▸ Information shown:
■ ■ ■ ■ ■ ■ ■
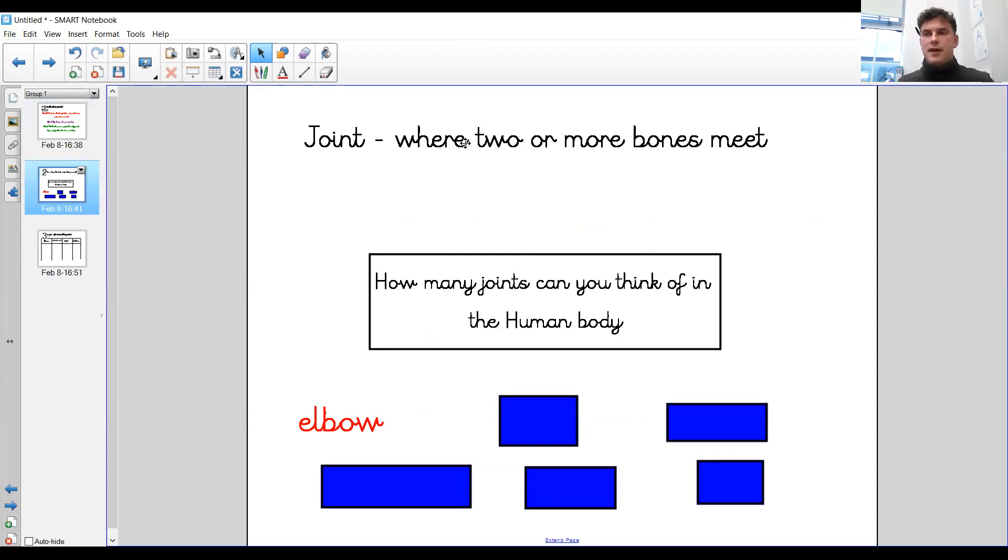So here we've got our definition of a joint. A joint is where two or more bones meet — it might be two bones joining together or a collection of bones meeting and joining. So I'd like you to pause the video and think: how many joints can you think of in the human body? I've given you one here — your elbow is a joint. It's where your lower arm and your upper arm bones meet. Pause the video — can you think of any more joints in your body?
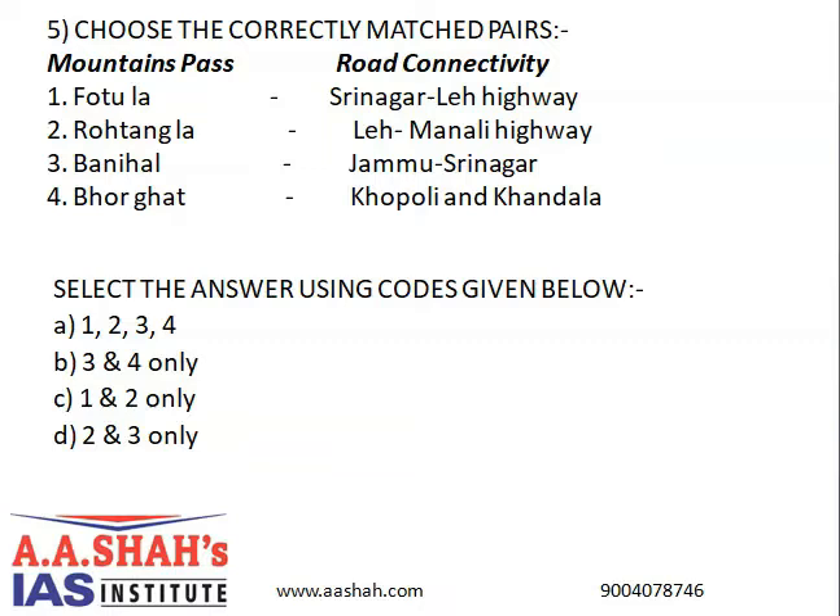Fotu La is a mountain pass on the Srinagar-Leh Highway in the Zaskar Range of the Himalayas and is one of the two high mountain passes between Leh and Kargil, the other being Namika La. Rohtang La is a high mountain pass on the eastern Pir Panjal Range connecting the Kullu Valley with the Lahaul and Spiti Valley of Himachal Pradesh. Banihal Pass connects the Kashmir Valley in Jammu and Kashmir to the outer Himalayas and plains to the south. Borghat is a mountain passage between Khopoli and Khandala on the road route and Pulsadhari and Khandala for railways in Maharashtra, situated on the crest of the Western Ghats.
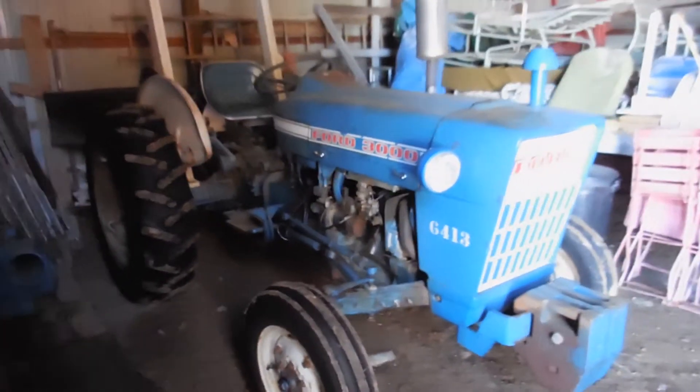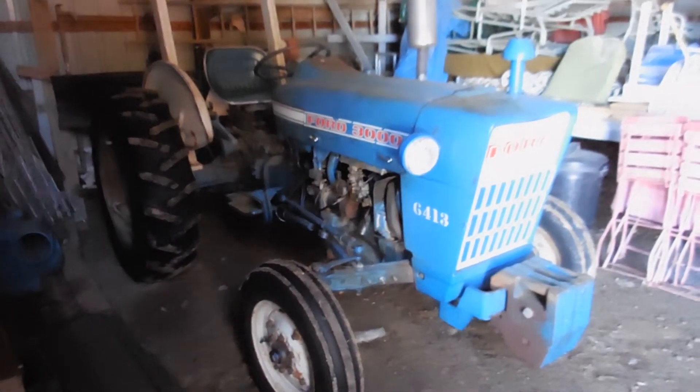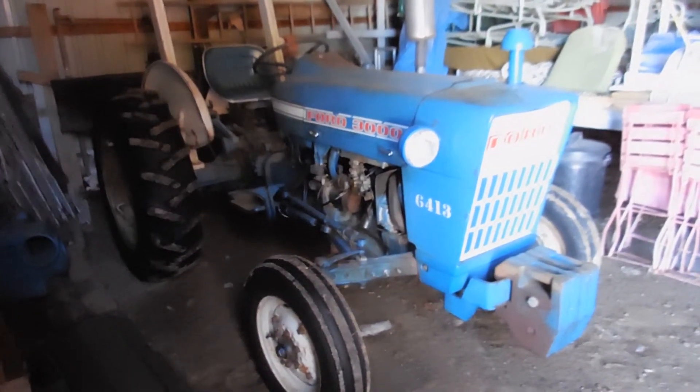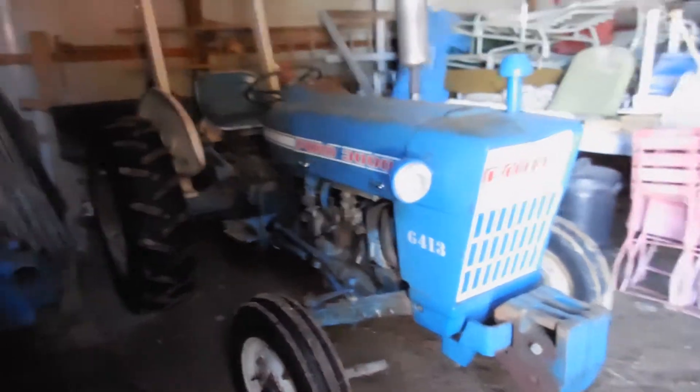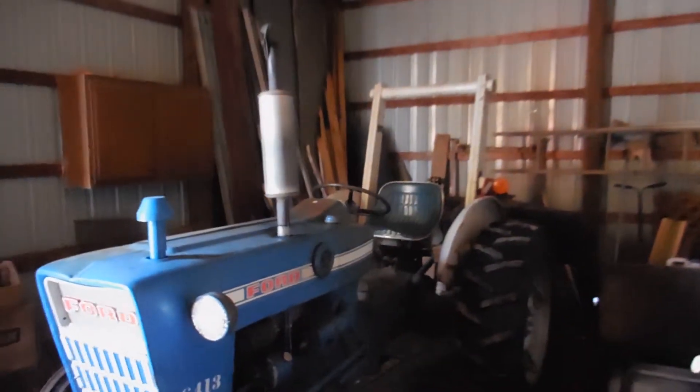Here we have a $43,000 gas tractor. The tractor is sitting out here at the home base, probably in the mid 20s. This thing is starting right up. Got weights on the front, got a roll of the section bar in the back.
■ ■ ■ ■ ■ ■ ■
▸ Action item: An exact repeat of the listing above, pictures excluded, is the answer.

▸ Reply:
So here we've got our definition of a joint. A joint is where two or more bones meet — it might be two bones joining together or a collection of bones meeting and joining. So I'd like you to pause the video and think: how many joints can you think of in the human body? I've given you one here — your elbow is a joint. It's where your lower arm and your upper arm bones meet. Pause the video — can you think of any more joints in your body?
Fotu La is a mountain pass on the Srinagar-Leh Highway in the Zaskar Range of the Himalayas and is one of the two high mountain passes between Leh and Kargil, the other being Namika La. Rohtang La is a high mountain pass on the eastern Pir Panjal Range connecting the Kullu Valley with the Lahaul and Spiti Valley of Himachal Pradesh. Banihal Pass connects the Kashmir Valley in Jammu and Kashmir to the outer Himalayas and plains to the south. Borghat is a mountain passage between Khopoli and Khandala on the road route and Pulsadhari and Khandala for railways in Maharashtra, situated on the crest of the Western Ghats.
Here we have a $43,000 gas tractor. The tractor is sitting out here at the home base, probably in the mid 20s. This thing is starting right up. Got weights on the front, got a roll of the section bar in the back.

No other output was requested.